Upon release, the former composer of such trippy '60s anthems for the LSD generation as "Slip Inside This House" formed a new band and recorded an album comprised of...polished and commercially oriented hard rock tunes? Say what?

Before you get any ideas about the efficacy of contemporary psychiatric treatments, however, know that this ain't your father's hard rock, ain't your uncle's Deep Purple In Rock, or even your more embarassing uncle's Flirtin' with Disaster. Evil One is a strange entity indeed, a twisted mutant hybrid only masquerading as a "normal" rock album. Indisputably the product of a deranged mind, Evil One sounds like if Black Oak Arkansas had retained Daniel Johnston as their frontman and written music inspired by a paranoid and McCarthyesque commitment to exposing the creeping Red Menace in America. Erickson's lyrics on Evil One deal with such topics as extraterrestrial lifeforms, fire demons, Lucifer, ghosts, zombies, vampires, the Soviet Union, and all the weird and grotesque stuff that cheap '50s B-movies are made of. Musicially, Evil One is primarily hard-edged southern rock with some rockabilly twang and a healthy dose of epic metal cheese grated over the top. The guitar licks are electrifying (this ranks alongside Daydream Nation, Love Devotion Surrender, and Black Woman as one of the greatest "guitar albums" ever made), the grooves infectious, and Erickson's vocals more impassioned and confident than ever before as he sings with tremendous conviction about creatures with atom brains and the two-headed dog that resides, perhaps surreptitiously, in the Kremlin.
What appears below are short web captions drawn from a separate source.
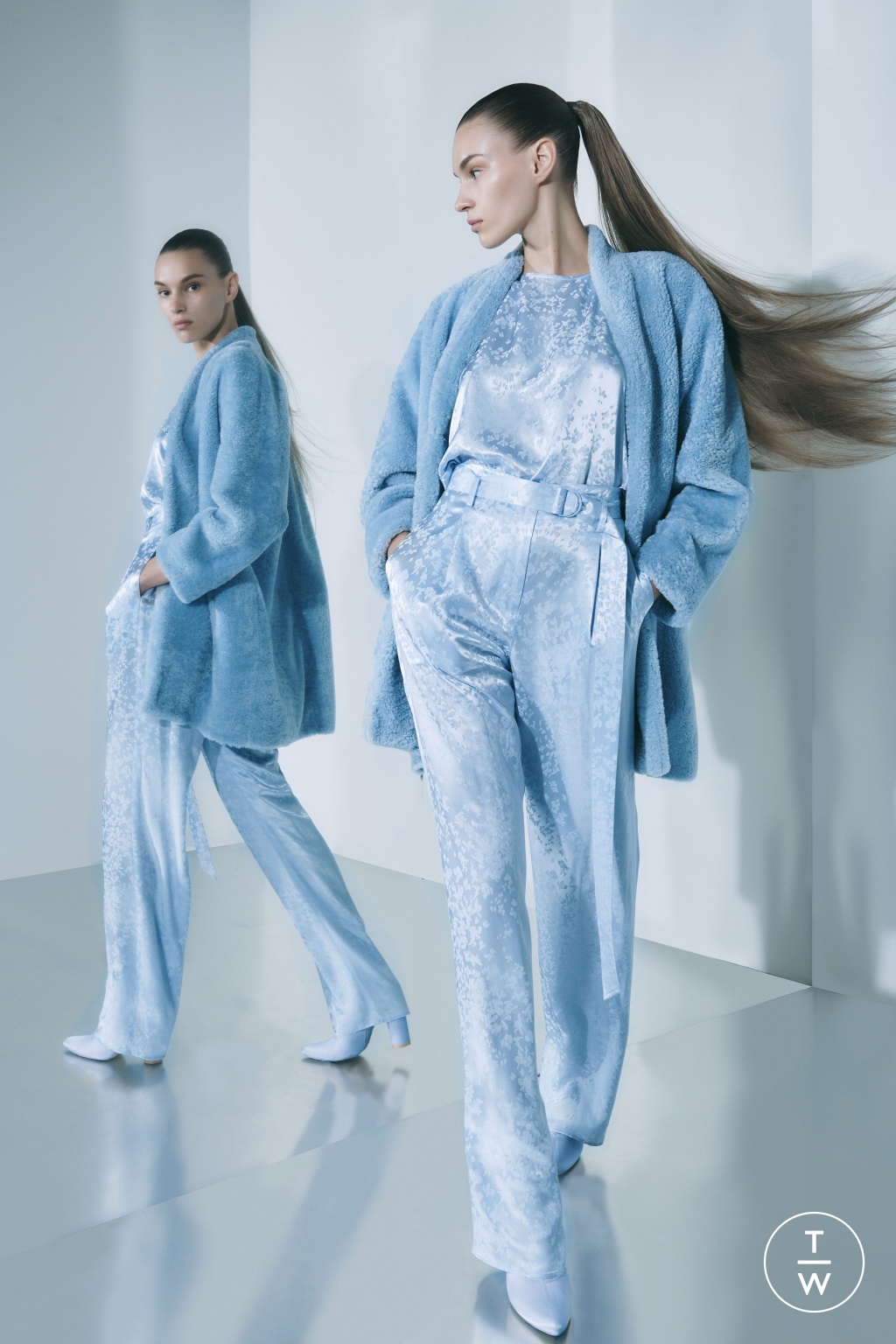 Fashion Week New York Resort 2020 look 18 from the LaPointe collection womenswear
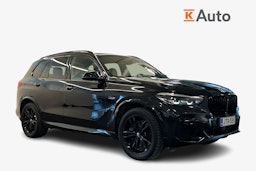 Musta BMW X5 2022 kuva 1.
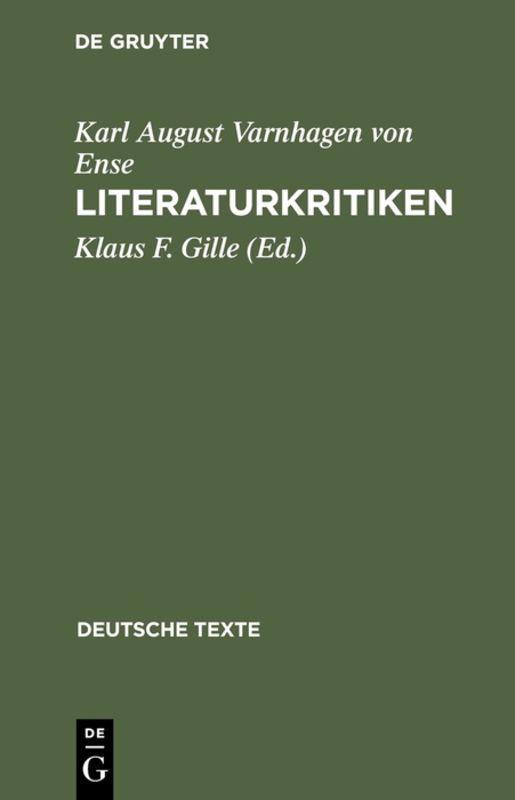 Cover-Bild Literaturkritiken
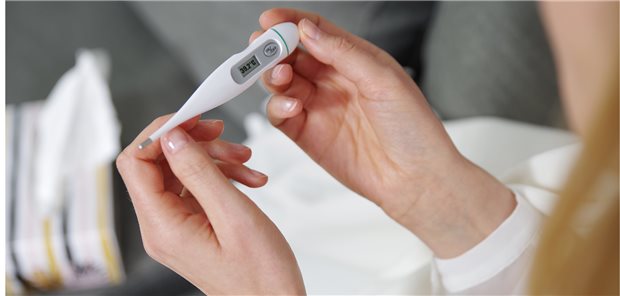 Erhöhte Temperatur oder gar Fieber kommen bei einer Bakteriämie nicht so häufig vor, als dass sich die Körpertemperatur als Marker eignet. Das lässt sich aus einer Studie schließen.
Okay, so I'm having a little bit of fun at Roky Erickson's expense, but there's certainly nothing funny about this album's lack of recognition or acclaim. Evil One is an outstanding collection of songs with nary a weak spot in sight. It's rock and roll the way it was meant to be played: loud, heavy, bombastic, insanely catchy, and filtered through the mind of a certified lunatic. Unless there's a parasitic slug in your brain inhibiting your free will, seek this out immediately.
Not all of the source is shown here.